If God humiliated himself, sacrificed himself, died for the primary purpose of love and forgiveness, I must be convicted that this is incredibly important for my everyday living. I am in desperate need of forgiveness; I yearn to give it as freely as I crave it.  

I want to live with God’s grace on the tip of my tongue and the end of my fingertips. It’s easy for me to put grace last and everything else, even good things, first. Knowledge first. Strength first. Courage first. Justice first. Goodness first. Then there will be room for grace.

This is so achingly untrue. Grace is the only thing that makes room for anything else, and when I live differently things get so painfully discombobulated. This project didn’t turn out the way I hoped it would. Frustration, disappointment, hustle. I’m upset with so-and-so for this-or-that. Anger, accusation, criticism. Big decisions need to be made and I have no idea what to do. Desperate searching, anxiety, logic and reason and fact-finding.

And then I’m frustrated, disappointed, exhausted, angry, anxious.

Instead: My house is a mess and there are piles of laundry and dinner tastes awful. Grace first. So-and-so let me down and I am devastated. Grace first. Life is complicated and I don’t have any of the answers. Grace first.

And then I’m right where the Lord wants me to be: in the middle of his mind-blowing, undeserved, welcoming, warm, beautiful grace.

I want to have only one high expectation of myself this year, I want to cast off all the others in place of this: grace first.

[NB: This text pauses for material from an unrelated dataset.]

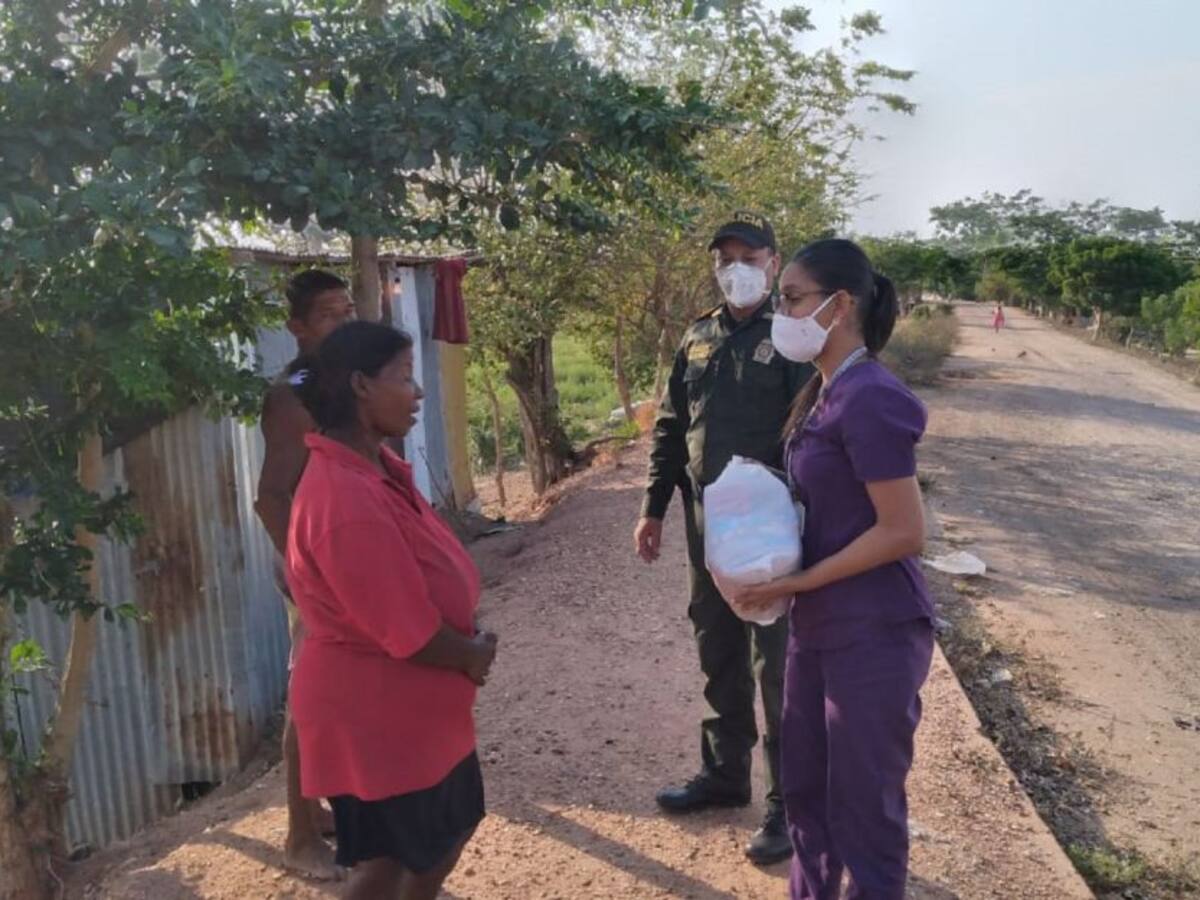 Policía lleva alimentos a zonas apartadas de Magangué, Bolívar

3 thoughts on “Grace First

  1. Tammy King Snydet

    Pain, death and anger are a part of life, abandonment, makes you feel worthless and alone. We are born, we are raised, we become educated, we grow, we learn life lessons, we make mistakes, we are taught to pray, we are taught to become adults, mothers, fathers. We are taught to take care of our own, but we also was taught to come to the aid of others, in the mist of tragedy, we offer prayers, condolences. We go home kiss and hug our child, and thank the good lord for keeping them safe. We sometimes loose, loved ones, the pain subsides but never leaves. We send our children off with a kiss and prayer hoping we have taught them well. We sometimes see ourselves as failures, longing for justification, which never seems to come. We justify our actions, even though the action does not require justification. We want happiness, we often think of the “good ole days”, what i would give for just…just what?, go back and have to go thru the pain all over again. I am still learning, still feeling pain and anger. I learned the pain of losing someone close to me as a young adult. The pain was unbearable, nothing comforted me, looking upon the children who know longer have a mother, will never see their achievements, marriages, grandchildren and the husband she left behind, my brother. I would have to deal with the grief and pain of losing more loved ones, I would become the “parent” to my aging parents. We are given tools to deal with the things life throughs at us, we just have to have faith, why me, why am I still here?? “wasn’t my time, you were the one who could bare the stress of dealing with LIFE. We, us, all have a purpose, with the promise of eternal life, God has promised us this. So, I will deal with each day with all the tools that were given to me, maybe this some sort of honor, weird yeah but your mind will tell you things, just to get thru the day.

    Always blessings, Never loses, No regrets

    Abby, You received a very special gift, from God, an amazing and caring family.